**DESCRIPTION OF THE TASK:** Word for word, copy the data that follows and skip its pictures.

**Captioned web images:**
□ □ □
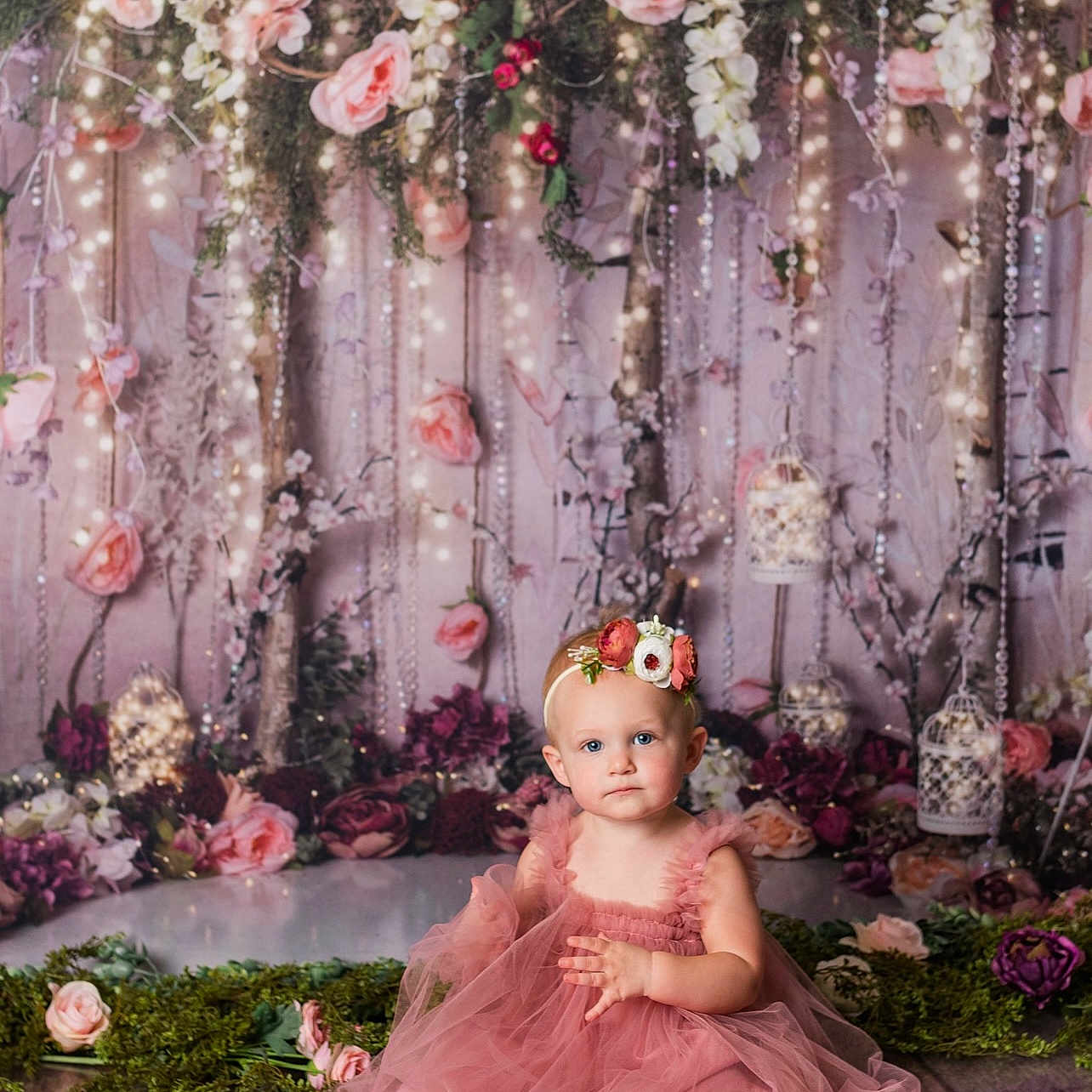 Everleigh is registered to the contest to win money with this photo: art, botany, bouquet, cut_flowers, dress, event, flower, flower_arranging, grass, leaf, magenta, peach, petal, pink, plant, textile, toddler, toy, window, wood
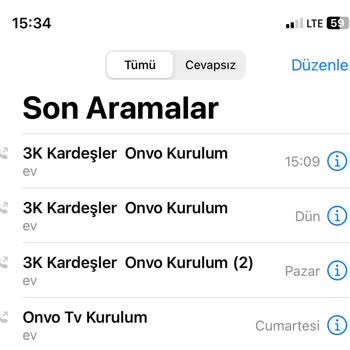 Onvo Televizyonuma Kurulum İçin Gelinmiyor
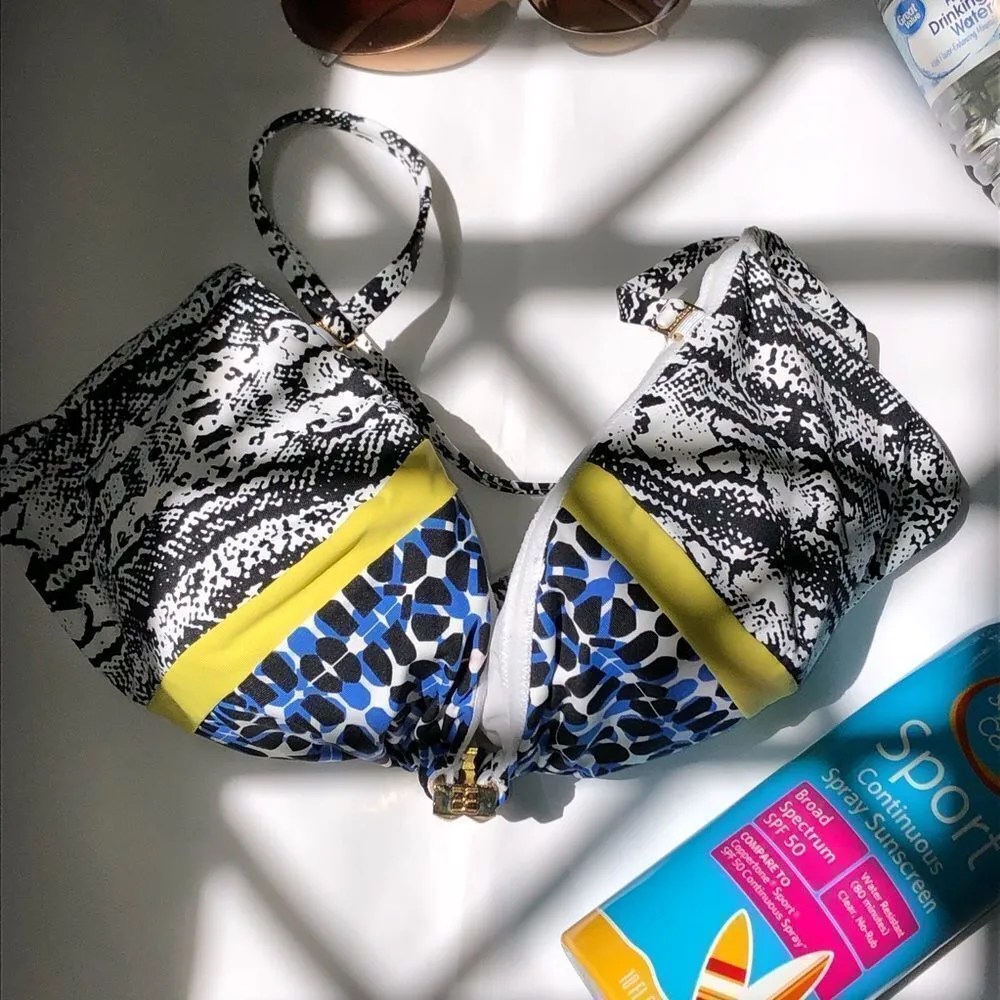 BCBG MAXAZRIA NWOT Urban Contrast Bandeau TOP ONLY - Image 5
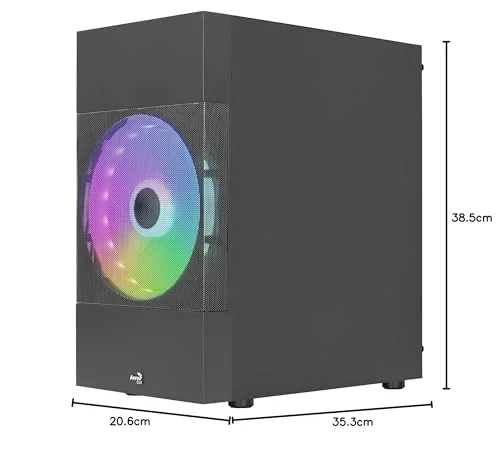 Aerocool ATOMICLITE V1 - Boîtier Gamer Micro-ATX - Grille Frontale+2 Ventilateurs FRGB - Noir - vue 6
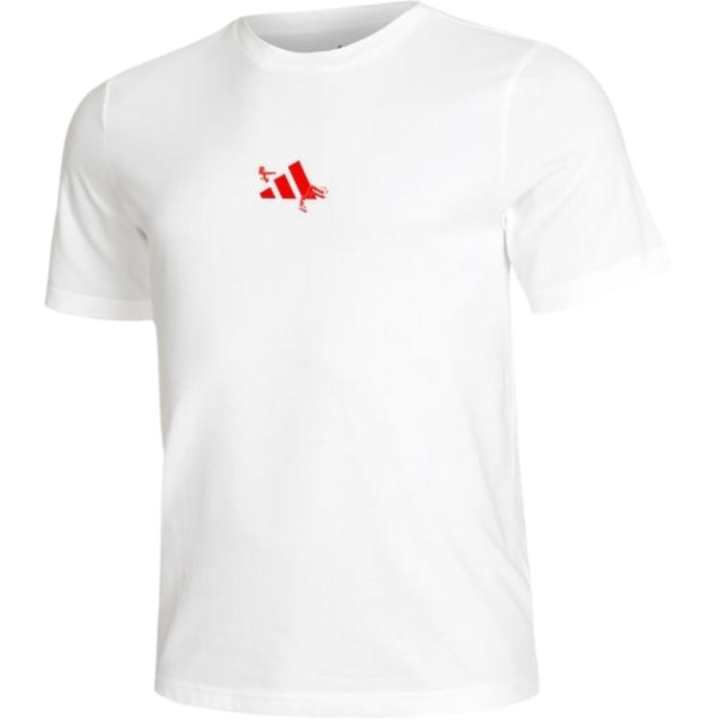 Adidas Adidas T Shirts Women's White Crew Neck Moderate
□ □ □
**OUTPUT BELOW:**
 Everleigh is registered to the contest to win money with this photo: art, botany, bouquet, cut_flowers, dress, event, flower, flower_arranging, grass, leaf, magenta, peach, petal, pink, plant, textile, toddler, toy, window, wood
 Onvo Televizyonuma Kurulum İçin Gelinmiyor
 BCBG MAXAZRIA NWOT Urban Contrast Bandeau TOP ONLY - Image 5
 Aerocool ATOMICLITE V1 - Boîtier Gamer Micro-ATX - Grille Frontale+2 Ventilateurs FRGB - Noir - vue 6
 Adidas Adidas T Shirts Women's White Crew Neck Moderate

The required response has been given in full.